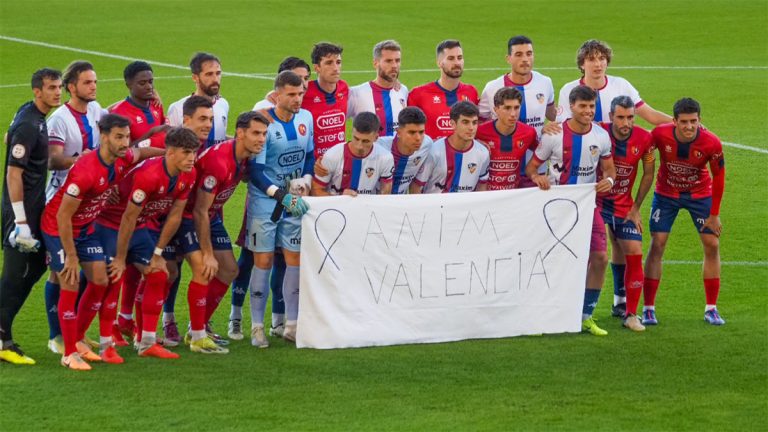 Los jugadores del Olot y Alzira con la pancarta de apoyo a los afectados por la DANA. Foto: UE Olot.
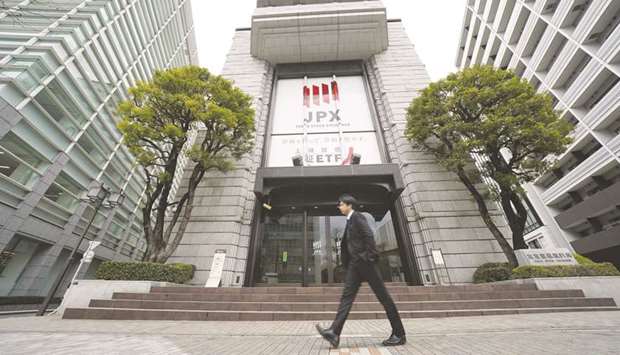A pedestrian walks past the Tokyo Stock Exchange building in Tokyo. The TSE ended 0.5% higher 24,041.26 points yesterday.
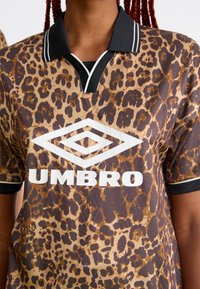 Asmuo vilki rudą ir juodą leopardų rašto sportinę marškinėlį su juodu apykakle ir dideliu baltu "Umbro" logotipu ant krūtinės.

▸ Exercise aim
Please reproduce each line of the listing above exactly, skipping pictures.

▸ Problem solution
 Los jugadores del Olot y Alzira con la pancarta de apoyo a los afectados por la DANA. Foto: UE Olot.
A pedestrian walks past the Tokyo Stock Exchange building in Tokyo. The TSE ended 0.5% higher 24,041.26 points yesterday.
 Asmuo vilki rudą ir juodą leopardų rašto sportinę marškinėlį su juodu apykakle ir dideliu baltu "Umbro" logotipu ant krūtinės.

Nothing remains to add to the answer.